Although he never left Toronto, Bush, by the last decade of his life, had become Canada’s most internationally famous artist. He had his first New York solo exhibition in 1962 at the Robert Elkon Gallery, subsequently joining the Andre Emmerich Gallery. In 1965 he accepted exclusive European representation by the Waddington Galleries in London, and in 1967 exclusive Canadian representation by the David Mirvish Gallery in Toronto. In the meantime, in 1964 he participated in Clement Greenberg’s period-defining exhibition Post Painterly Abstraction. Most recently, in 2014, the National Gallery of Canada staged a monumental retrospective of his work.
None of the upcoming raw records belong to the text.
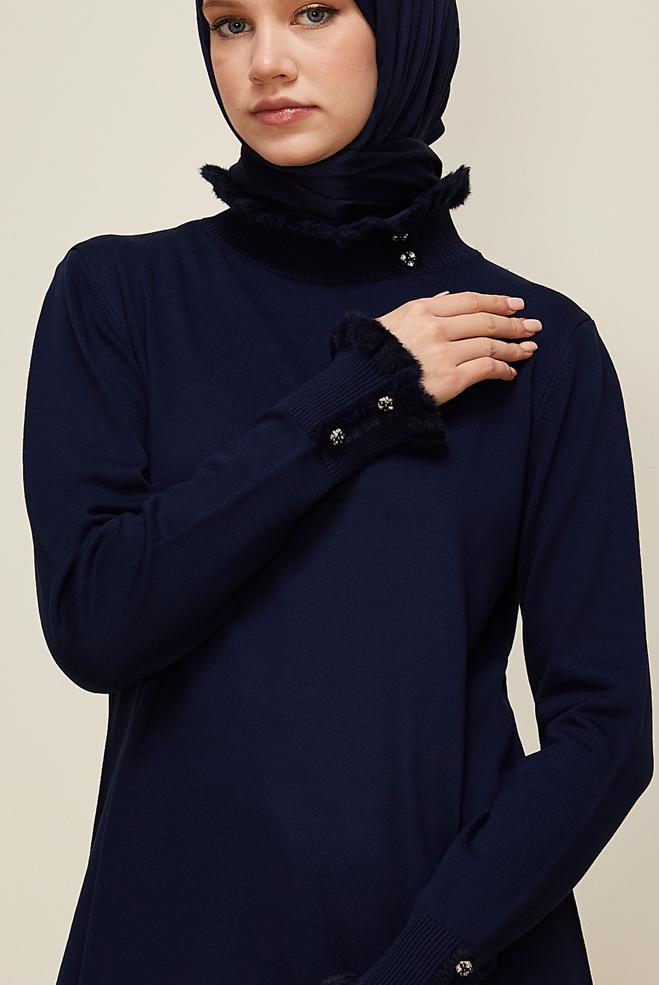 Vêtements hijab BLEU MARINE TUNIQUE EN MAILLE 45927 - ALVİNA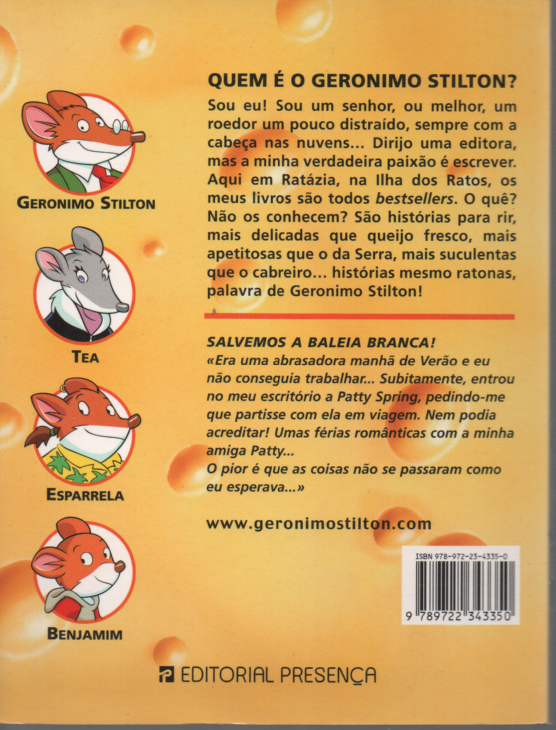 LIVRO SALVEMOS A BALEIA BRANCA! Geronimo Stilton #38 - USADO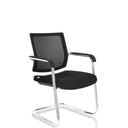 Svart Fjädrande stol LEVIA V med nätryggstöd och kromad ram från hjh OFFICE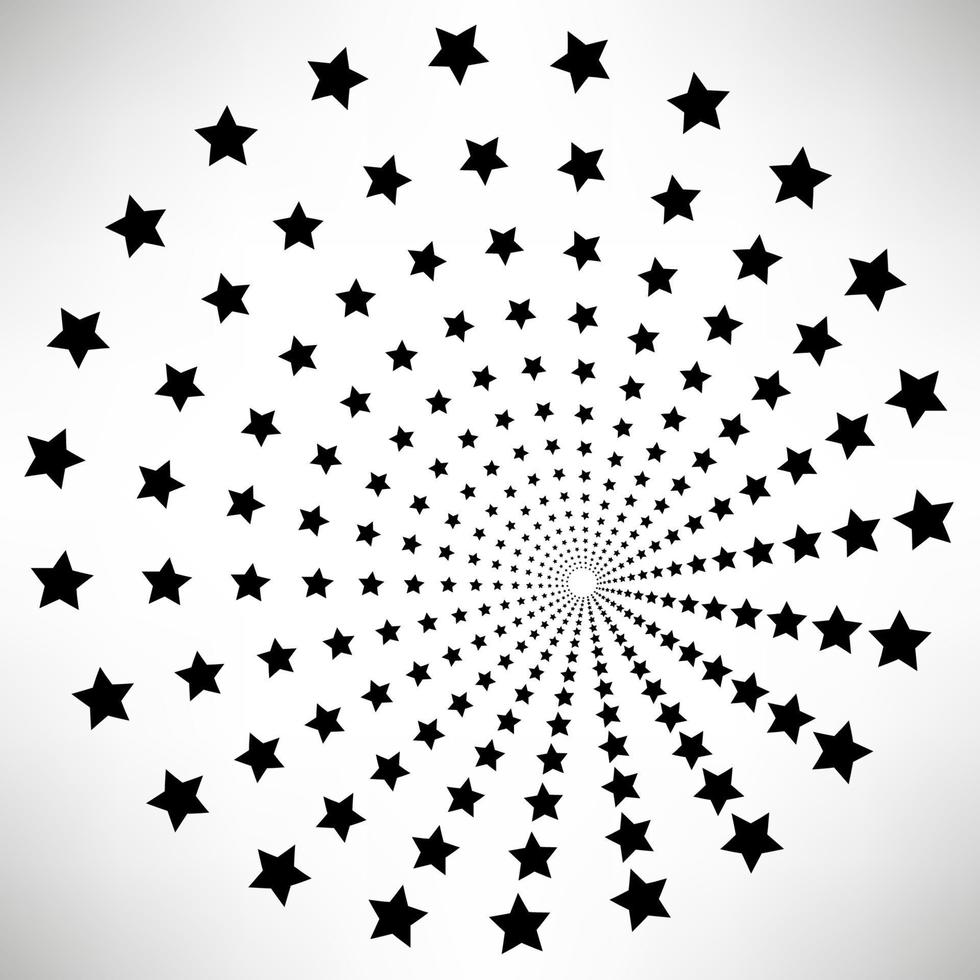 Star round elements, halftone rays isolated on white background. Black logo. Geometric shapes. vector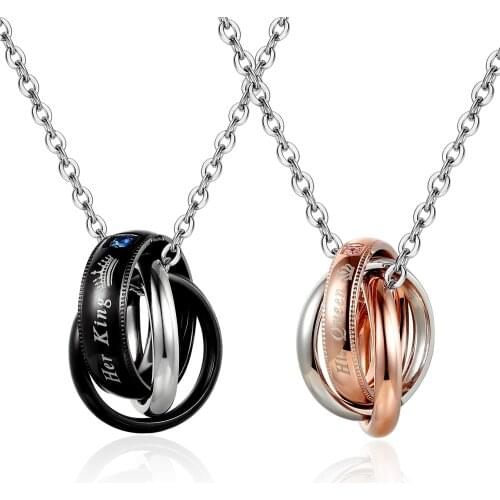 Her King His Queen Necklaces Couple Pendants Stainless Steel For Women Men Valentines Day Gift Jewelry Dropshipping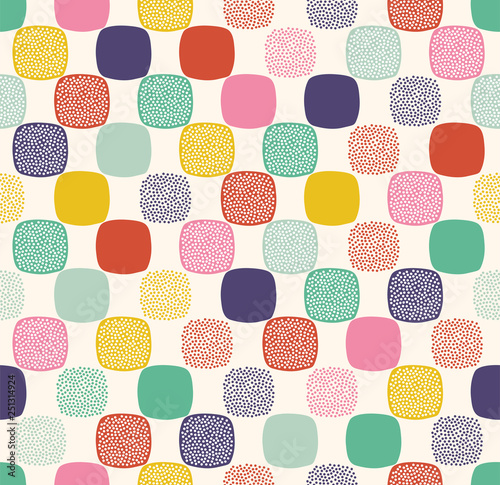 seamless childish colorful geometric abstract shape dots pattern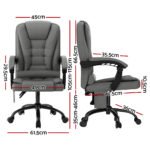 Artiss 2 Point Massage Office Chair Fabric Black - Image 2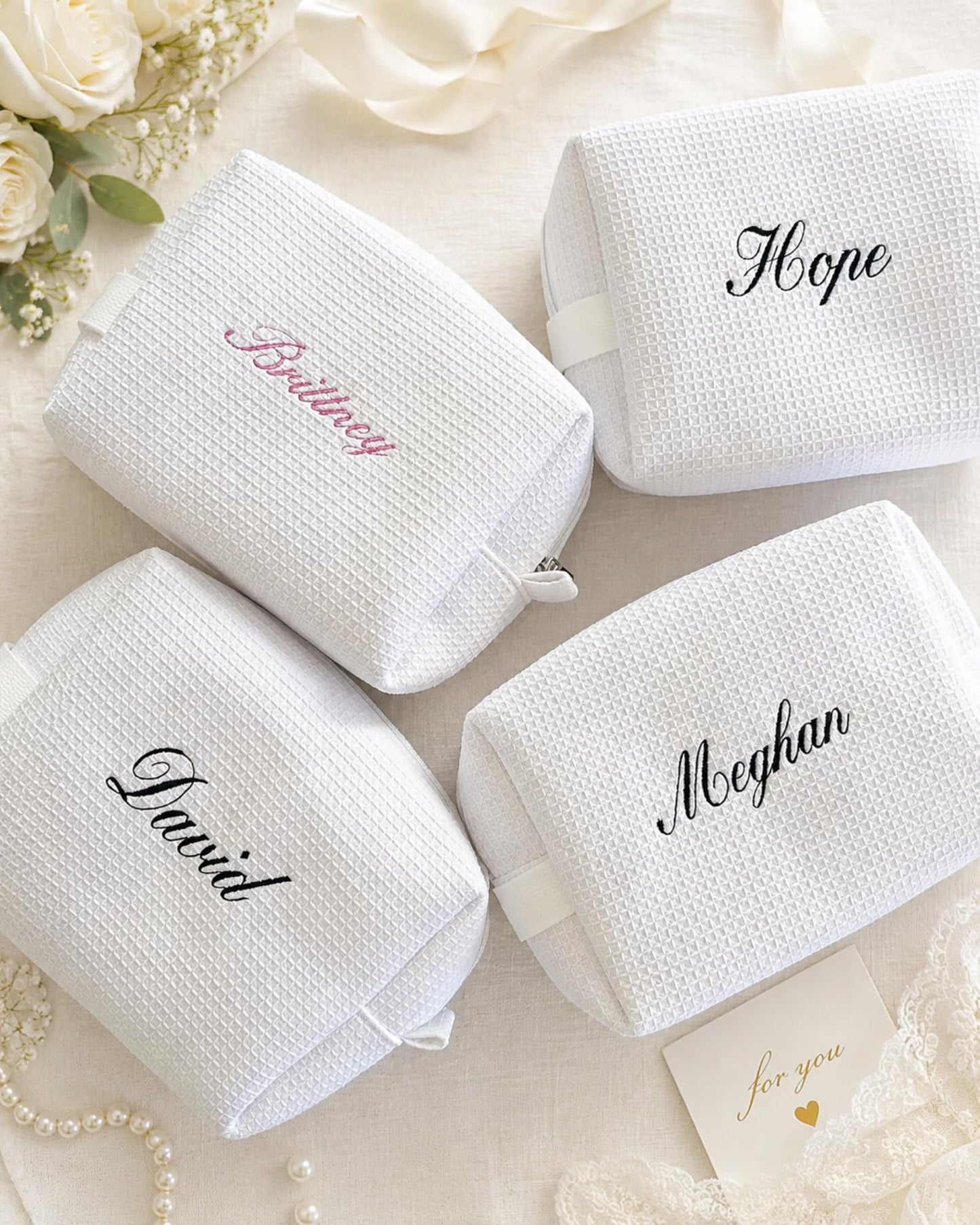 Personalized Embroidered Monogram Makeup Bag for Women (Style 1)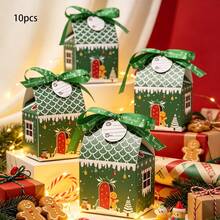 10pcs/Pack Christmas Baking Candy Cookie Small Gift Boxes Paper Boxes Small House Small Gift Boxes Paper Boxes With Rope Card Decoration Photo Box - View 7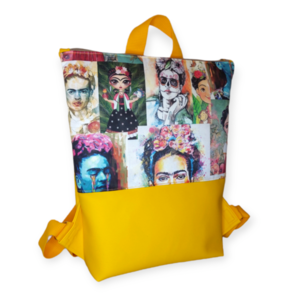 Backpack Frida Kahlo κίτρινο 35*33*9cm - ύφασμα, πλάτης, all day, frida kahlo - 3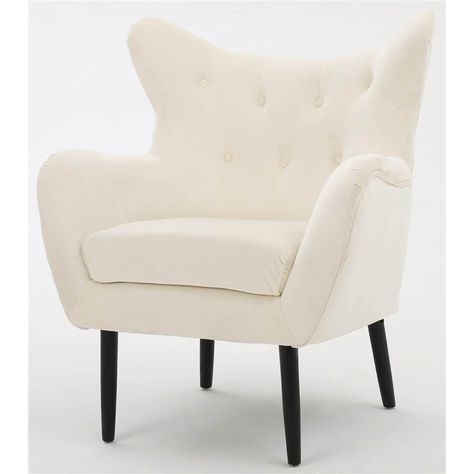 New Velvet Arm Chair in Ivory - Walmart.com - Walmart.com Provincial Interior Design, French Provincial Interior, French Provincial Interior Design, Elegant Farmhouse Decor, Modern Wingback Chairs, Velvet Wingback Chair, House Makeovers, Wingback Chairs, Attic Ideas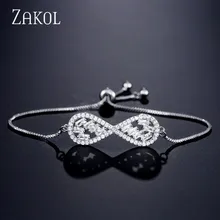 ZAKOL простой кубический цирконий 8 Lucky капли воды регулируемый браслет для женщин Свадьба юбилей подарок на день рождения ювелирные изделия FSBP2118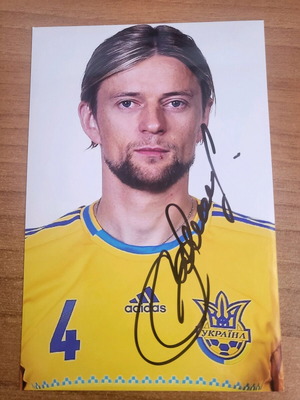 Αυθεντικό αυτόγραφο Anatoliy Tymoshchuk σαν καινούργιο σε φωτογραφία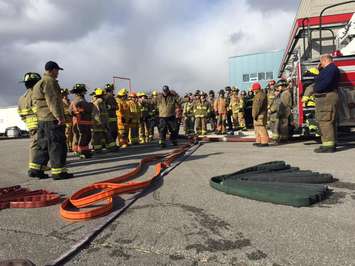 Over 100 female firefighters participate in drills at the Fire Service Women Ontario annual conference at Lambton College. November 11, 2016 BlackburnNews.com photo by Melanie Irwin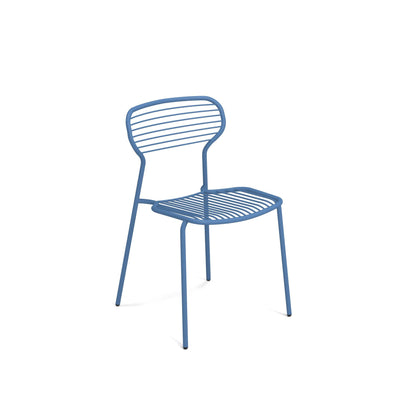 Emu Apero E1300 stacking side chair in marine blue finish with tubular steel frame and wrought iron seat, designed for indoor and outdoor dining.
Bush was a charter member of Toronto’s Painters Eleven, but his mature work is primarily spoken of in the context of his colourfield colleagues such as Morris Louis, Kenneth Noland, Frank Stella and Jules Olitski, who shared a commitment to the mastery of the flatness of the canvas support unsullied by illusionistic space, to an openness and clarity of presentation, to anonymous execution, to geometric regularity, and to the declaration of high keyed lucid colours, paint so thinly diluted as to soak into unsized and unprimed cotton canvases.
Even so, Bush was also the odd man out, rarely given to either anonymous execution or geometric regularity. He did not defer his imagery to impersonal techniques, like Louis’s pourings or Olitski’s sprayings, but consciously hand-drew his edges and hand-crafted his shapes, often revelling in mischievous awkwardness. At the same time he defied the imperatives of postpainterly abstraction art by inhabiting his pictures with references to images and signs that refer to the world outside the painting, to such things as women’s waistlines, flower gardens, travel souvenirs, flags, and road signs. His paintings therefore flirt with figure-ground constructions and tease us with the space of figuration, always, however, keeping his surfaces taut and flat.